SOURCE DATA -
::::

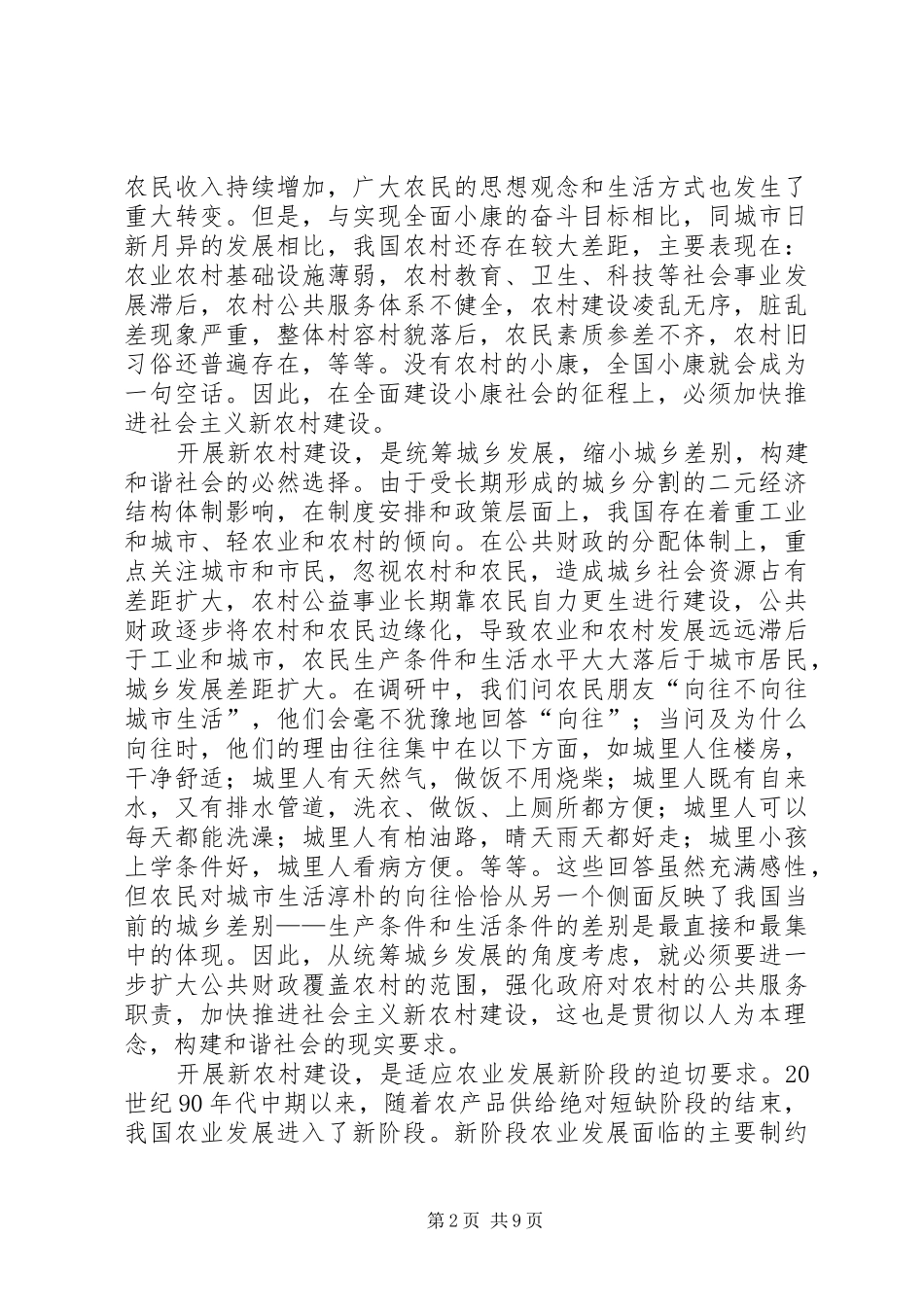 2024年对开展社会主义新农村建设的几点认识_第2页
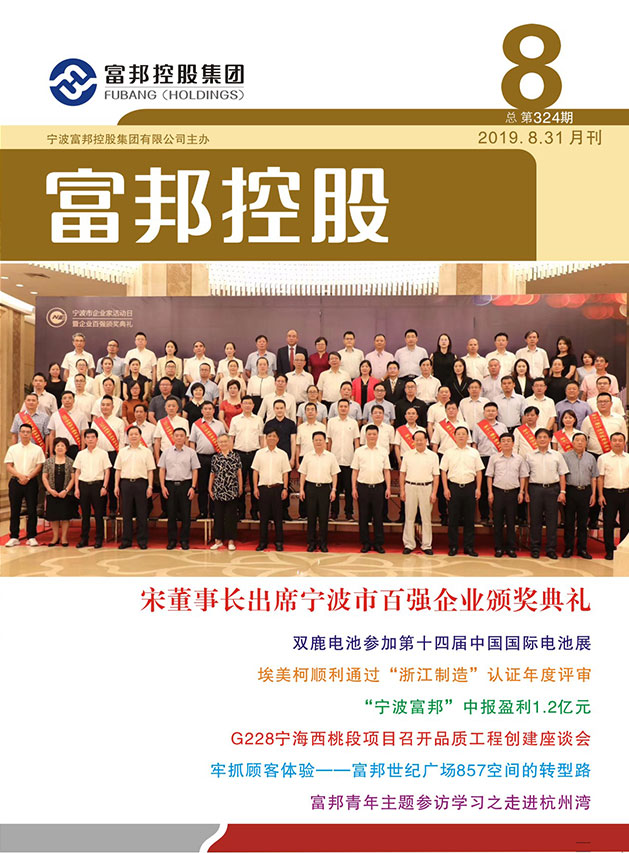豪利777控股2019年8月封面8-28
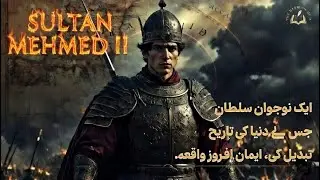 Sultan Muhammad al-Fatih | The Conqueror of Constantinople Who Changed World History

::::

WORK ORDER - Copy the whole of the material above exactly, and exclude every picture.

SOLUTION FOR THIS EXERCISE -
 2024年对开展社会主义新农村建设的几点认识_第2页
豪利777控股2019年8月封面8-28
 Sultan Muhammad al-Fatih | The Conqueror of Constantinople Who Changed World History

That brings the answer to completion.